Attrition rate by JobSatisfaction (pandas):


Unnamed: 0,JobSatisfaction,TotalEmployees,AttritionCount,AttritionRate
0,1,289,66,0.23
1,2,280,46,0.16
2,3,442,73,0.17
3,4,459,52,0.11


Attrition rate by JobSatisfaction (SQLite):


Unnamed: 0,JobSatisfaction,TotalEmployees,AttritionCount,AttritionRate
0,1,289,66,0.23
1,2,280,46,0.16
2,3,442,73,0.17
3,4,459,52,0.11


### Answer Q9

Yes, employees with lower Job Satisfaction ratings are more likely to leave.

From the data:

- Employees with Job Satisfaction = 1 (Low) have the highest attrition rate at 23%.

- Employees with Job Satisfaction = 2 show an attrition rate of 16%.

- Employees with Job Satisfaction = 3 have a similar attrition rate of 17%.

- Employees with Job Satisfaction = 4 (Very High) have the lowest attrition rate at 11%.

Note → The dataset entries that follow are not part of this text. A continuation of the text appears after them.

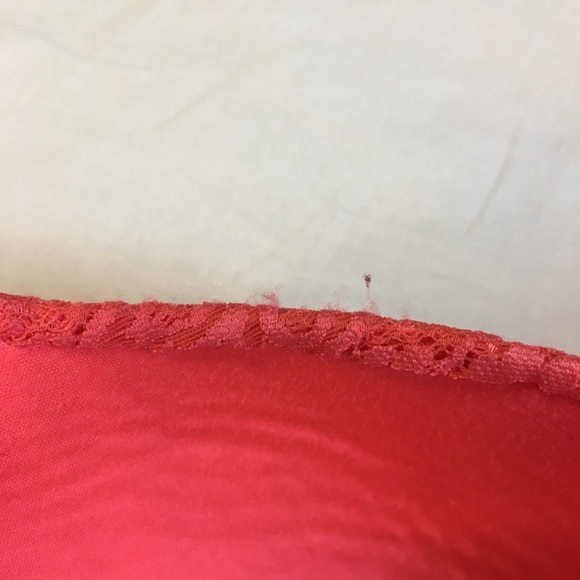 No Boundaries Allover Lace Push Up Bra, 38DD - Picture 11 of 11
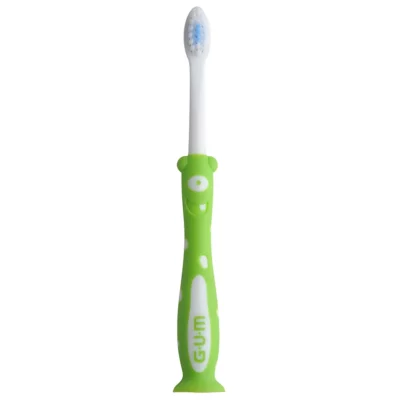 Gum brosse à dents kids souple 3-6 ans 901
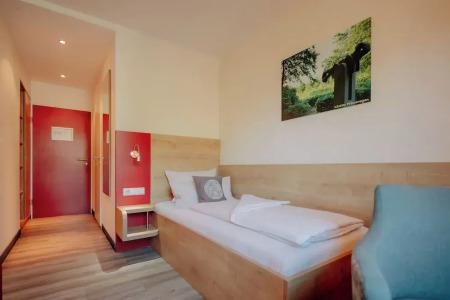 Inside Nordhorn by Hackmann - 9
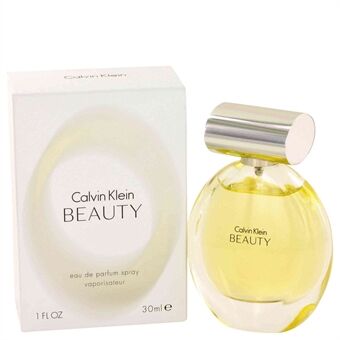 Beauty by Calvin Klein - Eau De Parfum Spray 30 ml - til kvinder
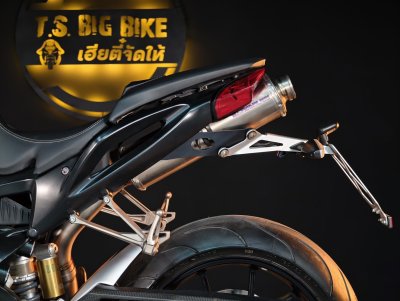 BENELLI TNT 1130 TITANIUM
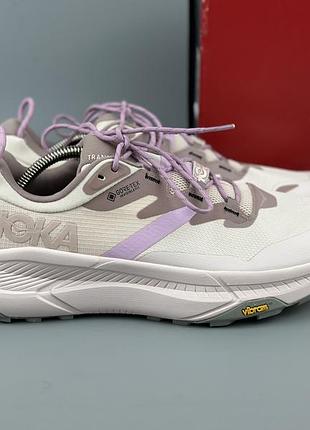 Кросівки hoka transport gtx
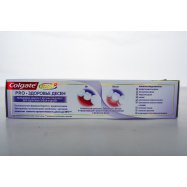 Зубная паста Colgate Total 12 Pro-Здоровье Десен 75мл Image - 9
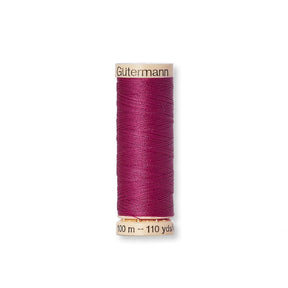 Gutermann Sew All 110 Yard Universal Thread SV579497 Cyclamen (938) Image A3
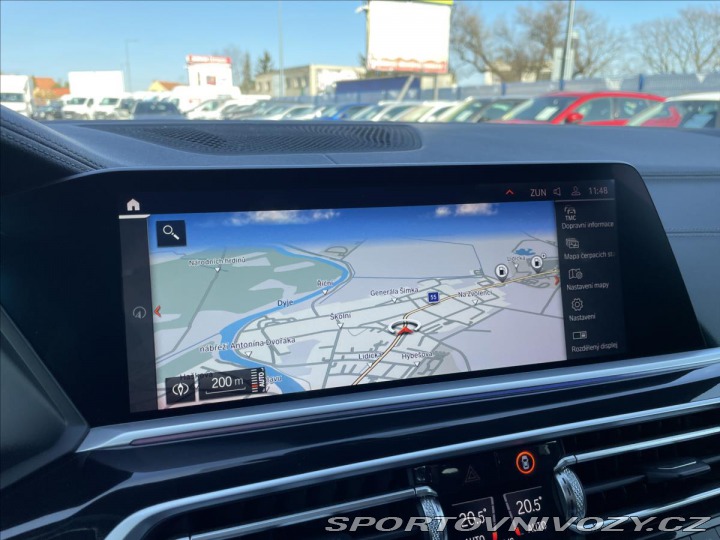 BMW X7 3,0 d M-Paket*Panorama*So 2020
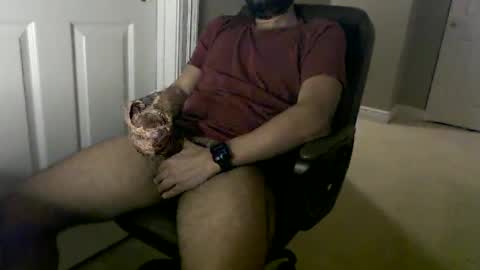 Big Dick Top online show from December 2, 2024, 2:20 am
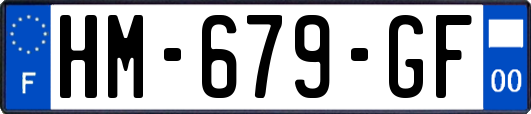 HM-679-GF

This indicates a clear negative relationship between job satisfaction and attrition:
as job satisfaction increases, the likelihood of leaving decreases.

**Compared to Performance Rating, where no difference was observed, Job Satisfaction is a stronger predictor of attrition in this dataset.**

#### Visualize Answer Q9

The bar chart below shows the **attrition rate across different levels of Job Satisfaction**.  
It highlights how employees with lower satisfaction levels tend to leave at higher rates, while those with higher satisfaction show lower attrition.  
This visualization provides insight into the relationship between job satisfaction and employee retention.


In [38]:
# Create bar chart
fig = px.bar(
    satisfaction_attrition_pandas,
    x='JobSatisfaction',
    y='AttritionRate',
    text='AttritionRate',
    color='AttritionRate',
    color_continuous_scale='Oranges',
    title='Attrition Rate by Job Satisfaction',
    labels={'JobSatisfaction': 'Job Satisfaction', 'AttritionRate': 'Attrition Rate'}
)

# Show values on top of bars
fig.update_traces(texttemplate='%{text:.2f}', textposition='outside')

# Layout adjustments
fig.update_layout(yaxis_range=[0,1], xaxis=dict(dtick=1), showlegend=False, height=500)

fig.show()

### Q10- Analyze the impact of WorkLifeBalance on attrition. Which balance level has the highest attrition percentage?

In [None]:
# ---------------------------
# Using pandas
# ---------------------------

# Group by WorkLifeBalance and calculate attrition rate
wlb_attrition_pandas = (
    cleanDf.groupby('WorkLifeBalance')
    .agg(
        TotalEmployees=('Attrition', 'count'),
        AttritionCount=('Attrition', lambda x: (x == 'Yes').sum())
    )
    .reset_index()
)
# Calculate attrition rate
wlb_attrition_pandas['AttritionRate'] = (
    wlb_attrition_pandas['AttritionCount'] / wlb_attrition_pandas['TotalEmployees']
).round(2)
# Sort values
wlb_attrition_pandas = wlb_attrition_pandas.sort_values('WorkLifeBalance')
# Display results
print("Attrition rate by WorkLifeBalance (pandas):")
display(wlb_attrition_pandas)


# ---------------------------
# Using SQLite
# ---------------------------

# Connect to the database
conn = sqlite3.connect("../db/employee_database.db")

# Execute the query
query = """
SELECT 
    WorkLifeBalance,
    COUNT(EmployeeID) AS TotalEmployees,
    SUM(CASE WHEN Attrition = 'Yes' THEN 1 ELSE 0 END) AS AttritionCount,
    ROUND(1.0 * SUM(CASE WHEN Attrition = 'Yes' THEN 1 ELSE 0 END) / COUNT(EmployeeID), 2) AS AttritionRate
FROM Employees
GROUP BY WorkLifeBalance
ORDER BY WorkLifeBalance
"""
wlb_attrition_sqlite = pd.read_sql_query(query, conn)
conn.close()

# Display results
print("Attrition rate by WorkLifeBalance (SQLite):")
display(wlb_attrition_sqlite)

Attrition rate by WorkLifeBalance (pandas):


Unnamed: 0,WorkLifeBalance,TotalEmployees,AttritionCount,AttritionRate
0,1,80,25,0.31
1,2,344,58,0.17
2,3,893,127,0.14
3,4,153,27,0.18


Attrition rate by WorkLifeBalance (SQLite):


Unnamed: 0,WorkLifeBalance,TotalEmployees,AttritionCount,AttritionRate
0,1,80,25,0.31
1,2,344,58,0.17
2,3,893,127,0.14
3,4,153,27,0.18


### Answer Q10

Work-Life Balance has a noticeable impact on attrition rates.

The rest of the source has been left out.